Volendo stillare qualche concetto e suggerimento propedeutico all’ottenimento di un effettivo benessere acustico, senza arrivare lontanamente a parlare di silenzio, sarebbe opportuno effettuare un accurata analisi del contesto acustico esterno ed interno, andando a determinare una serie di interventi e valutazioni che risolvano e diano soluzioni tecniche ad ogni singola problematica che potrebbe essere causa di discomfort. Se ad esempio dovessimo progettare un edificio ad alta efficienza acustica in un contesto urbano particolarmente ricco di contributi di rumore esterno, sarà necessario analizzare compiutamente le tipologie di rumore e determinarne il loro spettro sonoro (distribuzione dell’energia sonora in frequenza), in modo da selezionare dei serramenti capaci di rispondere alle sollecitazioni e dei sistemi di oscuramento adeguati alla necessità, portando il loro livello di isolamento ben oltre i limiti minimi di Legge riferiti alla categoria A (edifici residenziali).

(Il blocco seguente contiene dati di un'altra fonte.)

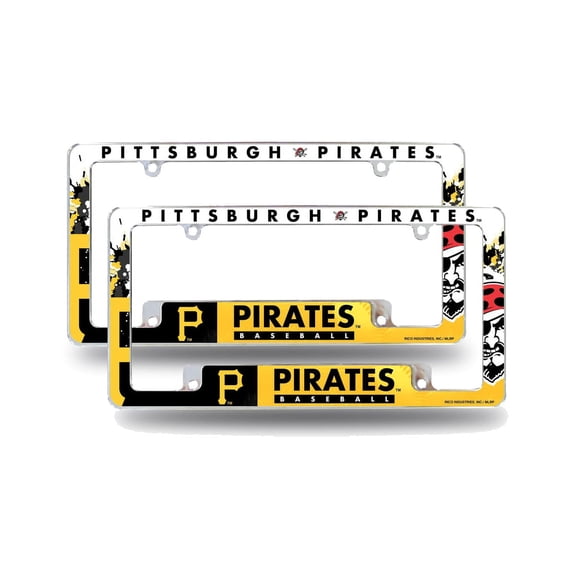 Pittsburgh MLB Pirates (Set of 2) Chrome Metal License Plate Frames with Bold Full Frame Design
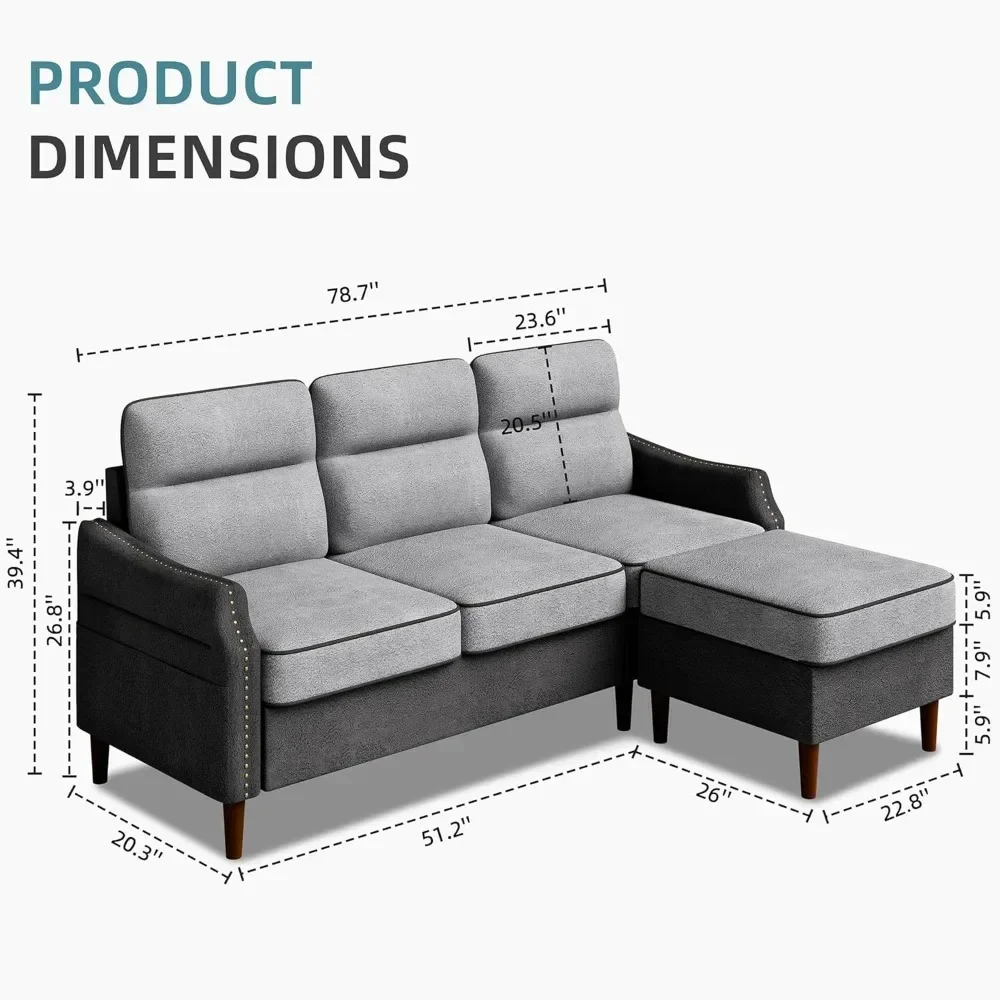 Shaped Sofa Couch with Side Storage Bag,Convertible Sofa with Reversible Chaise and Rivet Decor for Living Room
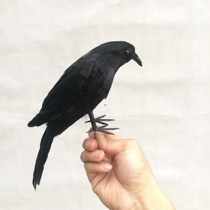 Halloween Artificial Crow Decoration Black Leather Realistic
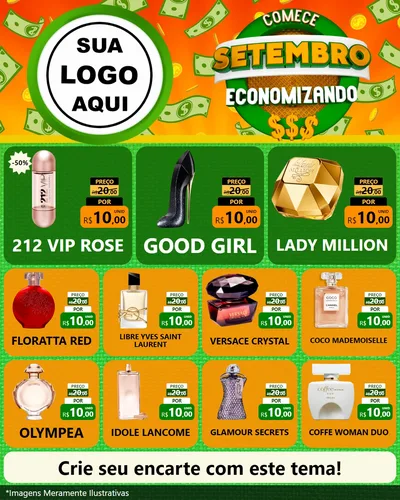 Modelo de Rede Social para Feed Instagram com o tema Comece Setembro Economizando para Perfumes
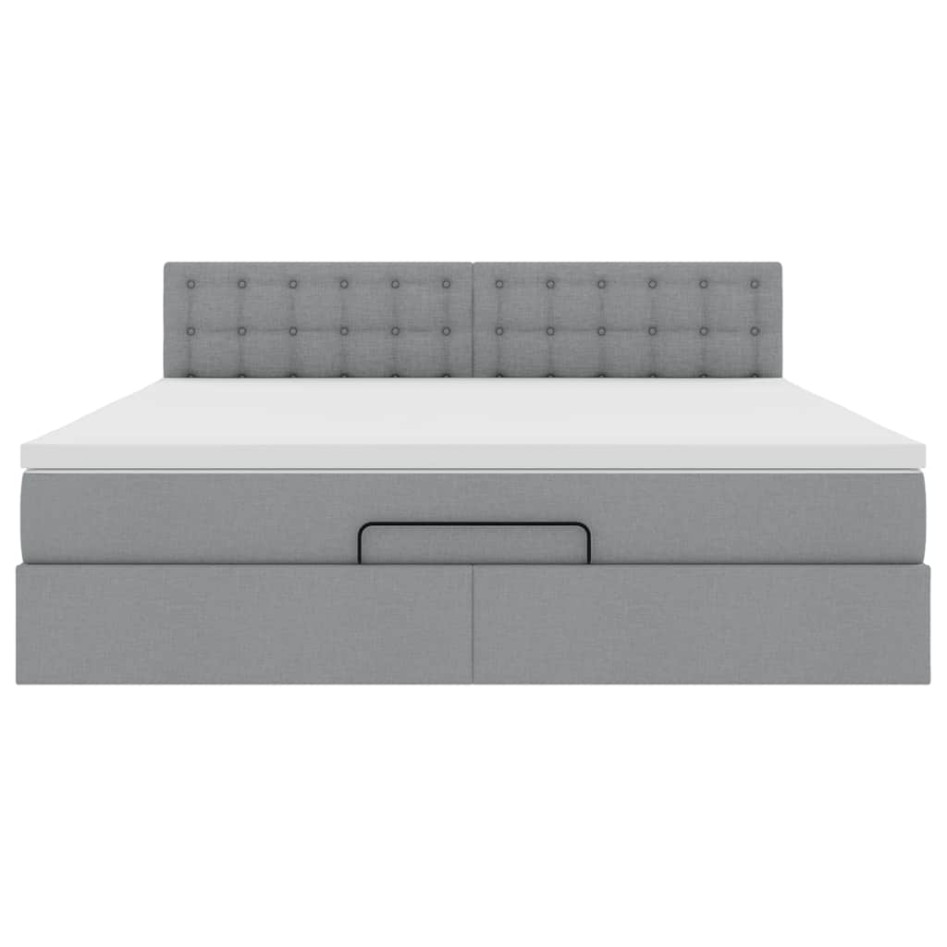 Cama otomana con colchón gris claro 160x200 cm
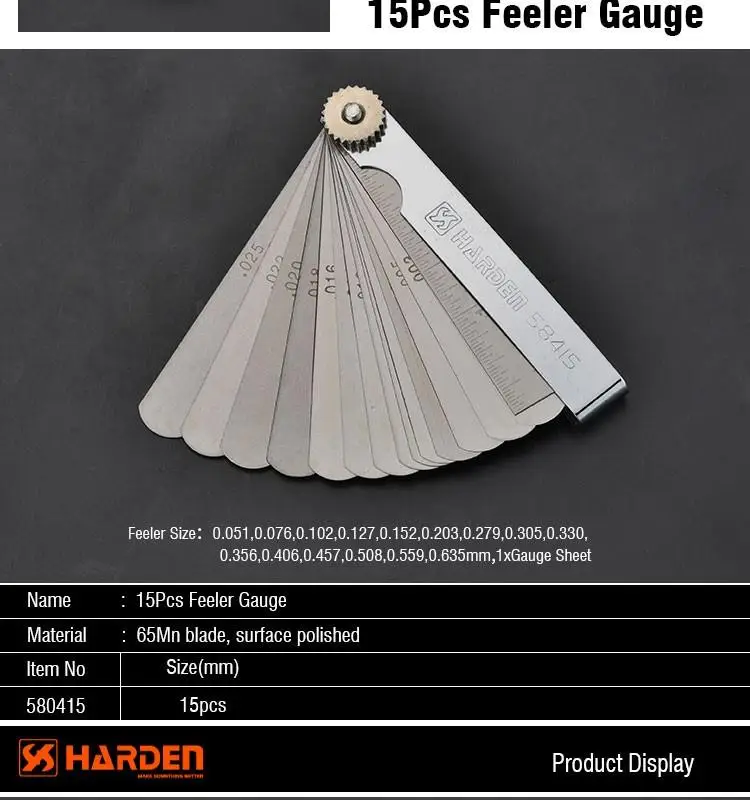 Harden Professional Custom 15pcs 65Mn Metal Feeler Gauge Set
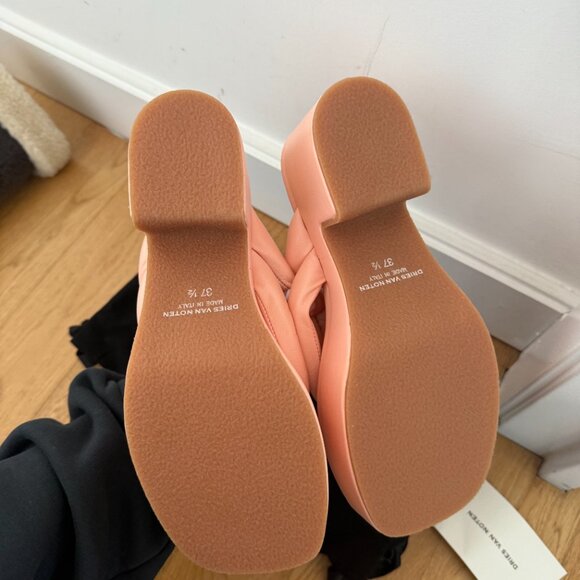NWT Dries Van Noten Platform Flip Flop Padded Leather Straps Light Pink Sz 37.5 - Picture 9 of 10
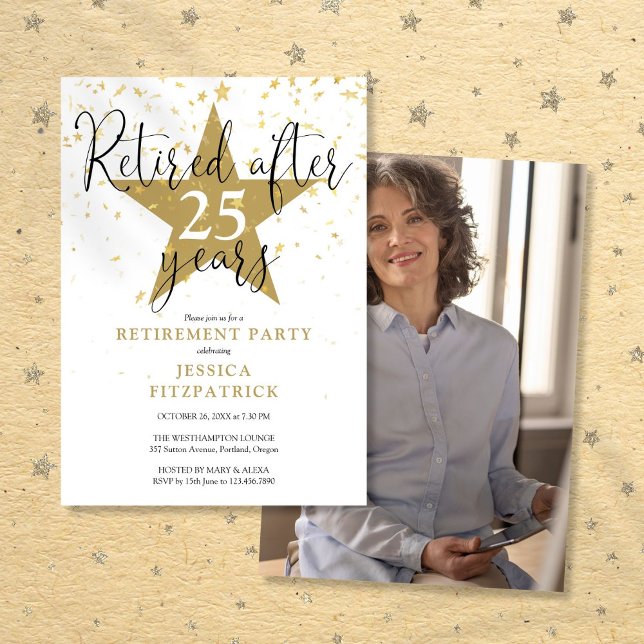 Convite Partido de Retirada de Fotos das Estrelas Douradas (Modern Gold Stars Photo Retirement Party Invitation)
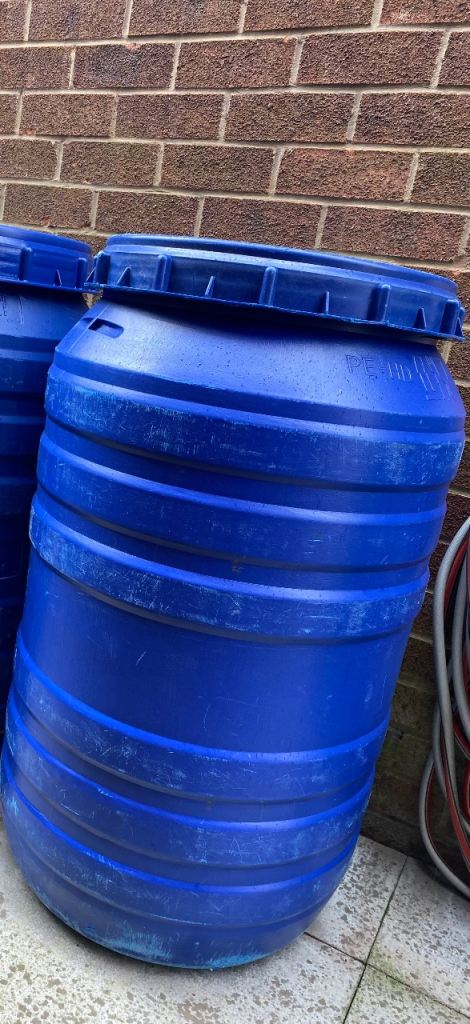 Large Blue Plastic Water Barrel – 240 Litre Capacity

Entrando ora all’interno dell’edificio, il valore di rumorosità di un solaio sottoposto a sollecitazioni vibrazionali (calpestio, spostamento di arredi, caduta accidentale di oggetti), per essere definito confortevole non dovrebbe superare il valore di 40 dB (quindi ben 23 dB in meno di quanto indicato per Legge!),a tali valori si può arrivare non tanto limitandosi all’inserimento di isolanti acustici “super efficienti” ma facendo scelte costruttive adeguate e mirate alla limitazione della trasmissione delle vibrazioni, in quest’ottica ad esempio le solette massicce ed omogenee sono da preferire nell’ambito delle costruzioni a base cementizia, così come le strutture in X-LAM sono da preferire ai classici solai in legno con travatura portante.

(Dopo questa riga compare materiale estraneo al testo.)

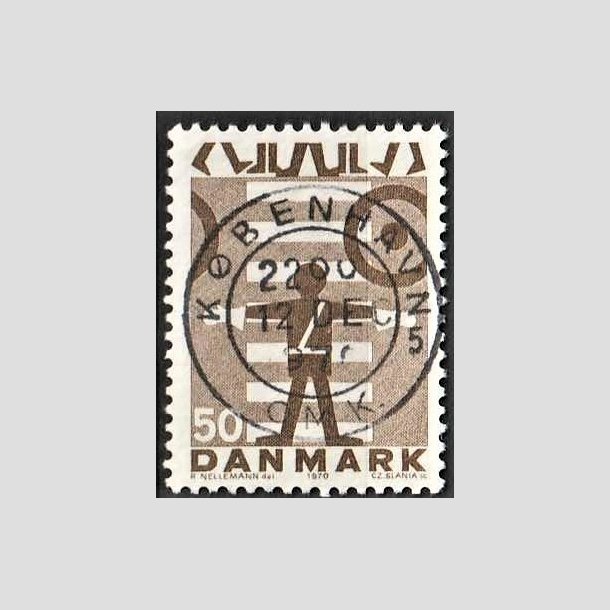 FRIMRKER DANMARK | 1970 - AFA 494 - Trafiksikkerhed - 50 re brun - Pragt Stemplet 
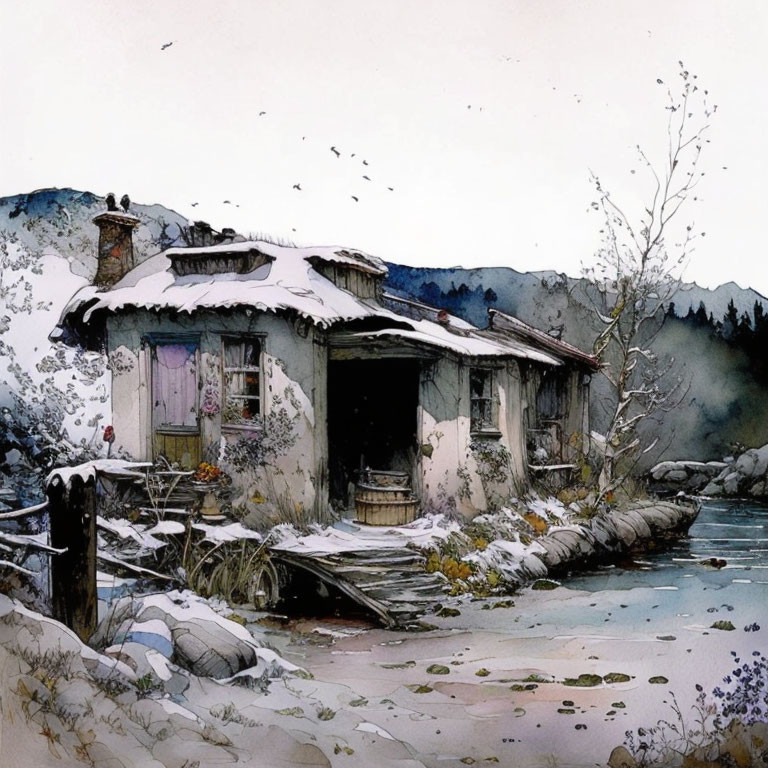 Snow-covered cottage by frozen river in wintry landscape with flying birds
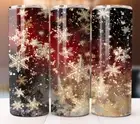 Christmas Red GoldSnowflake Tumbler 20oz Tumbler 20 oz Skinny Cup Mug Lid Straw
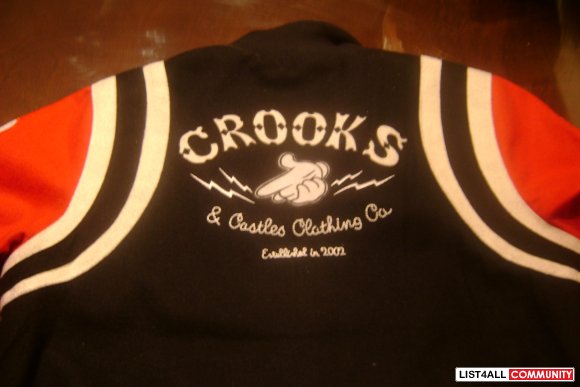 CROOKS AND CASTLES LETTERMAN SIZE SMALL FOR CHEAP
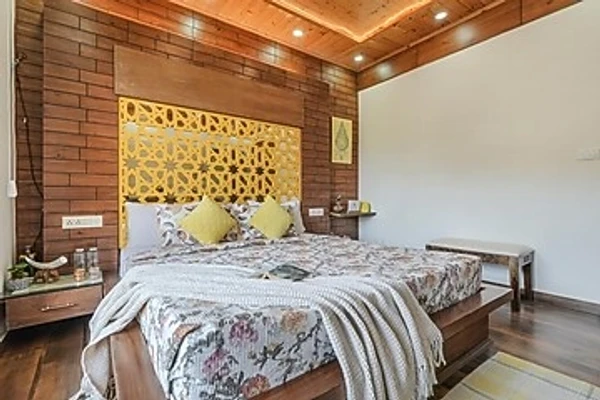 family hotel with pool in dharampur, solan - elivaas aaram bagh 4 bhk escape amid pine forest & valley view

I valori di isolamento ai rumori arei delle partizioni divisorie dovrebbero attestarsi su livelli di 55÷60 dB per garantire un adeguato livello di privacy e un reale benessere acustico, la norma UNI 11367 del 2010 sulla classificazione acustica degli edifici (ad oggi esclusivamente si base volontaria) infatti indica un valore di 56 dB per la classe I a cui viene riferito un livello di confort ottimo. Un ultimo capitolo va dedicato agli impianti tecnologici, per quanto riguarda quelli a funzionamento continuo come la VMC o gli impianti aeraulici, il livello massimo di 25 dB può essere ritenuto adeguato mentre il livello massimo di 35 dB riferito agli impianti a funzionamento discontinuo, come gli scarichi ad esempio, non può essere ritenuto un livello confacente al benessere acustico. Per loro caratteristica impulsiva, i rumori dovuti agli impianti discontinui dovrebbero essere portati a livelli più bassi, diciamo tra 25÷30 dB; per arrivare a tali valori sarà necessario approfondire la progettazione impiantistica e soprattutto intervenire in maniera più coordinata sin dall’inizio della progettazione, inserendo alcuni “paletti” che tengano in considerazione i seguenti suggerimenti:

- prediligere una disposizione concentrata dei locali sanitari e della cucina;

- prevedere una disposizione sovrapposta dei locali bagno e cucina nei diversi piani;

- prevedere una disposizione centrale dei vani tecnici nell’area dei locali bagno;

- evitare la vicinanza e l’adiacenza tra impianti ed ambienti adibiti al riposo o comunque sensibili al rumore

(camere da letto e soggiorni);

- privilegiare pareti divisorie che dividano ambienti aventi medesima destinazione d’uso (bagno-bagno; cucina-cucina);

- qualora l’impianto sia posizionato all’interno di un cavedio tecnico sarà opportuno prevedere fissaggi a parete dotati di manicotti anti-vibranti tra la tubazione e le fascette di sostegno e rivestire internamente il cavedio stesso con idoneo materiale assorbente acustico (di tipo fibroso o poroso) in modo da eliminare le riflessioni interne dei rumori dell’impianto e limitare il disturbo.

In conclusione, il percorso che porta ad un ambiente dove sia possibile percepire un benessere acustico, è decisamente più articolato e non si limita, come per la parte energetica, all’applicazione normativa e legislativa, ma necessità di un approccio sinergico delle figure professionali impegnate nella stesura di un progetto, una maggiore sensibilità ed un’analisi particolarmente accurata delle varie componenti in gioco, da cui estrapolare le soluzioni progettuali e di scelta delle modalità costruttive, adeguate a rispondere alle nuove richieste di una clientela sempre più difficile da soddisfare.